I recommend other Gordan Ramsay books.
- I would consider myself a fan of Gordon Ramsey, I think his theories on management and what it takes to be a success could be a lesson to all. Also he has led what seems like a fascinating life, rising up from a rough part of Glasgow, dealing with the issues of a broken family and a promising football career ruined by injury. Sadly this book is written in little better than tabloid tidbits for those with a very short attention span. His childhood and motivations that led him to being a world class chef are glossed over and given about 30 pages. His troubled relationship with his father and its impact is mentioned several times in the book but never really elaborated on sufficiently. His early years as a chef are dealt with in about 15 pages and his years in Paris are given even less coverage despite Gordon's belief that they were absolutely central to him becoming the chef he is today.
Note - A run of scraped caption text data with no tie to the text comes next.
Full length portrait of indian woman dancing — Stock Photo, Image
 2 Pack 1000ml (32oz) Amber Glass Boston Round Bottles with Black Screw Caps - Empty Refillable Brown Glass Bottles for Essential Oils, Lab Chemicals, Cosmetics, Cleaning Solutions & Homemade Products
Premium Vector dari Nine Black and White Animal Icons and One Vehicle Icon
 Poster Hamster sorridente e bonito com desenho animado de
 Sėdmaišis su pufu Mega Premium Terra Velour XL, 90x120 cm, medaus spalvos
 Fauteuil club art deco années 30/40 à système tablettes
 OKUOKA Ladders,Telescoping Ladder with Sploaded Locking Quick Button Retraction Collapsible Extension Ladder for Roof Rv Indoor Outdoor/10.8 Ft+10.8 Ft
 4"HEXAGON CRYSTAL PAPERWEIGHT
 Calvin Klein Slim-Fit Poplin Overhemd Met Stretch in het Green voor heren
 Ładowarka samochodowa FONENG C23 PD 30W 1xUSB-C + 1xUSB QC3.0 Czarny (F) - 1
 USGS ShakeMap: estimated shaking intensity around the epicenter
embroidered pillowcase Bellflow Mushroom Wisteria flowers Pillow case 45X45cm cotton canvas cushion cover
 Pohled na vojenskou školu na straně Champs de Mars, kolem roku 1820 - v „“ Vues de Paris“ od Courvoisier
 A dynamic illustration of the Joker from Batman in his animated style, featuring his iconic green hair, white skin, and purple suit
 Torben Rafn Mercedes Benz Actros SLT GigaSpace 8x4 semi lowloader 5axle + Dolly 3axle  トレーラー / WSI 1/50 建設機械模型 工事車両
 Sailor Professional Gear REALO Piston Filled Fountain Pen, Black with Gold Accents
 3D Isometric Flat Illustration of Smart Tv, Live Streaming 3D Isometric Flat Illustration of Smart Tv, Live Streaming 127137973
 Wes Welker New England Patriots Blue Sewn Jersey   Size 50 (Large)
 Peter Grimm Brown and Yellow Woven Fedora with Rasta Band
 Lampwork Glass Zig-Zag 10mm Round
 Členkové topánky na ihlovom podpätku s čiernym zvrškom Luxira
The author seems more interested in making constant references to Gordon's notorious foul mouth and his relationship with the tabloid press. What a shame there are so many more interesting facets to his life that could have been explored here.
- This was a great book. It really gives you insight to his behavior. (which is not bad) It was a page turner, and I finished it in a weekend.
He really had alot of disappointments in life but turned it all around. It gives you inspiration.
If you like Gordon,this is a must read.
- I agree with previous reviewers. This is short attention span writing. It jumps from one topic to another topic without going into depth. It felt like reading People Magazine and not a book.
- If this biography was a dish on one of the episodes of Hell's Kitchen, Chef Ramsay would have told author Neil Simpson to "take off your jacket and leave Hell's Kitchen". I thought the book was poorly written and provided little more than superficial insight into Gordon Ramsay and his meteoric rise to success in the culinary world. Too much of the time the author seemed more interested in trying to justify the boorish behavior that Ramsay is known for as somehow being okay because of Ramsay's passion for food. In addition, the book portrays Ramsay as having an idealized family life that doesn't seem possible given the driven, workaholic nature of Ramsay. I would have prefered a book that provided a more balanced, and yes, more critical look at Ramsay.